[Start of section]
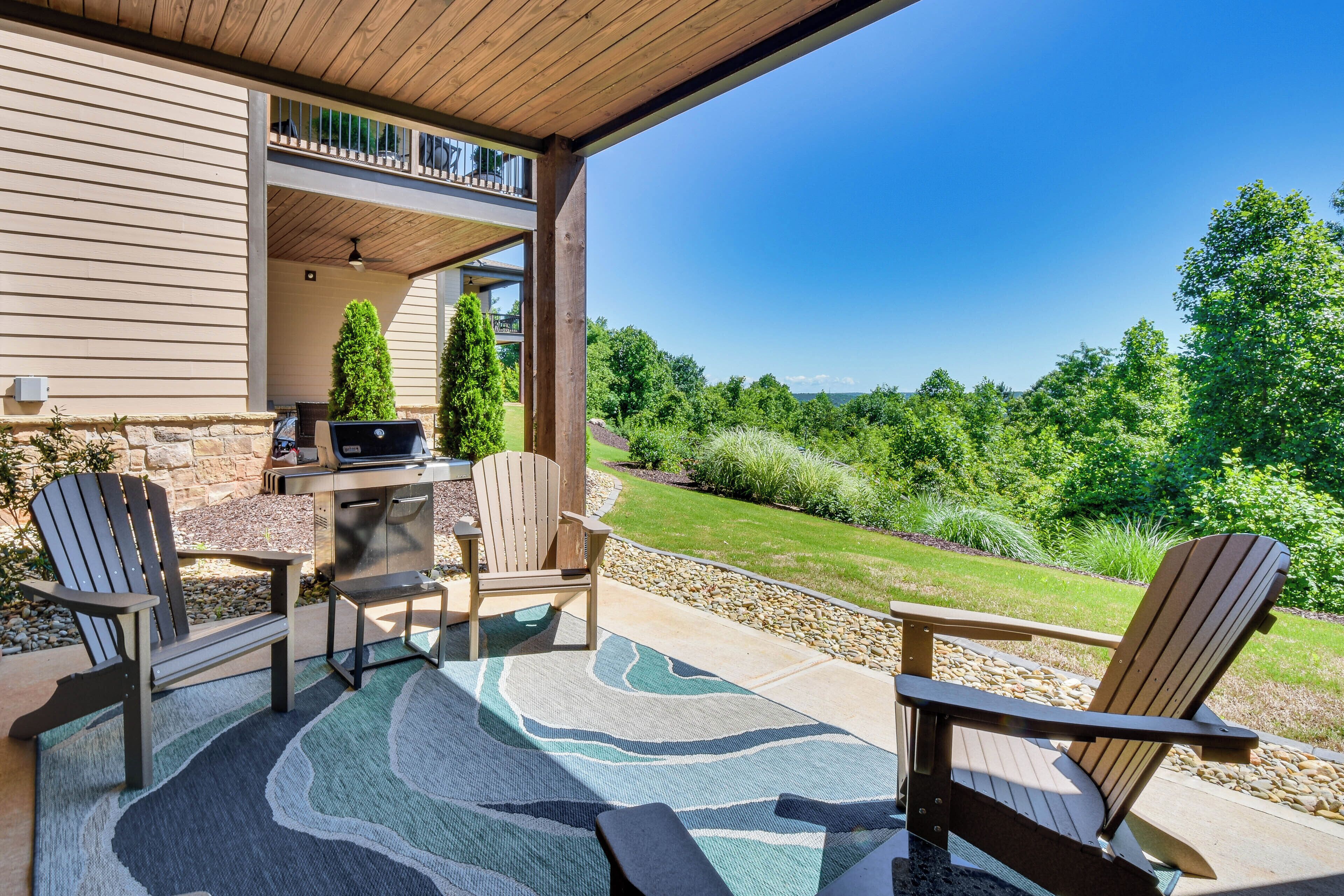A covered patio with Adirondack chairs, a grill, and a view of a lush green landscape.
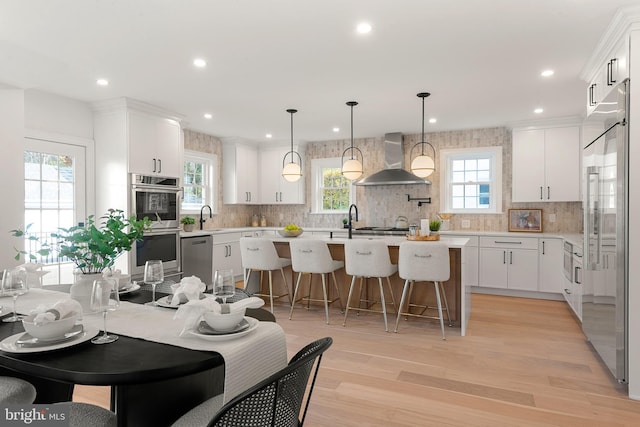 kitchen featuring white cabinetry, sink, wall chimney range hood, pendant lighting, and a kitchen island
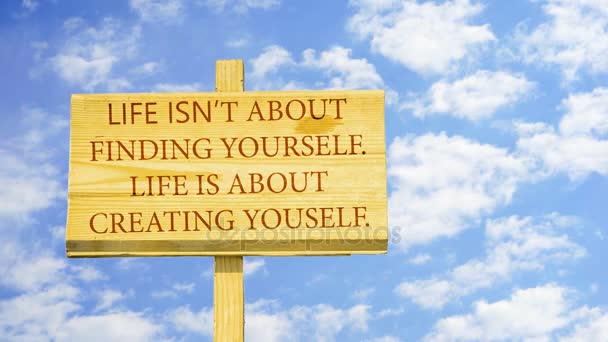 Life isn't about finding yourself, life is about creating yourself. Words on a wooden sign against time lapse clouds in the blue sky. — Stock Video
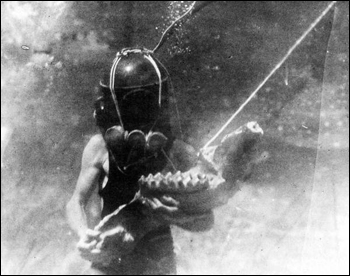 Diver holding lower jaw of mastodon (193-)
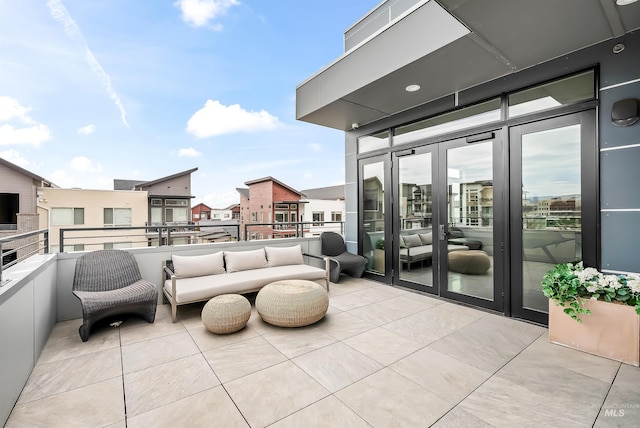 view of patio featuring a balcony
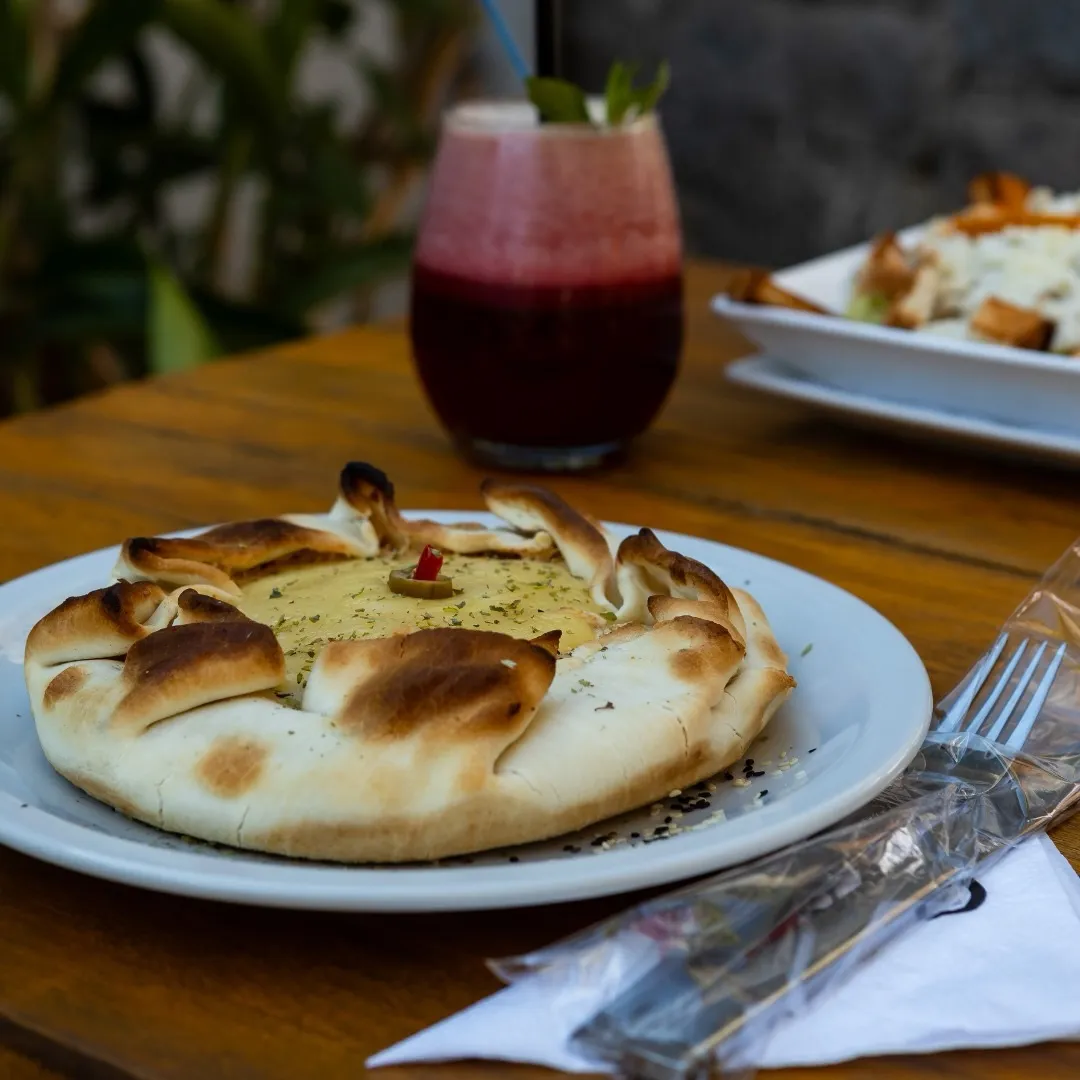 Fugazza horneada estilo rotisería junto a un jugo de frutos rojos.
[End of section]
Task ::
Output each line of the listing above, word for word, from the one holding "Diver holding lower jaw of mastodon (193-)" through the last line, both included; omit the pictures.

Task output ::
 Diver holding lower jaw of mastodon (193-)
 view of patio featuring a balcony
 Fugazza horneada estilo rotisería junto a un jugo de frutos rojos.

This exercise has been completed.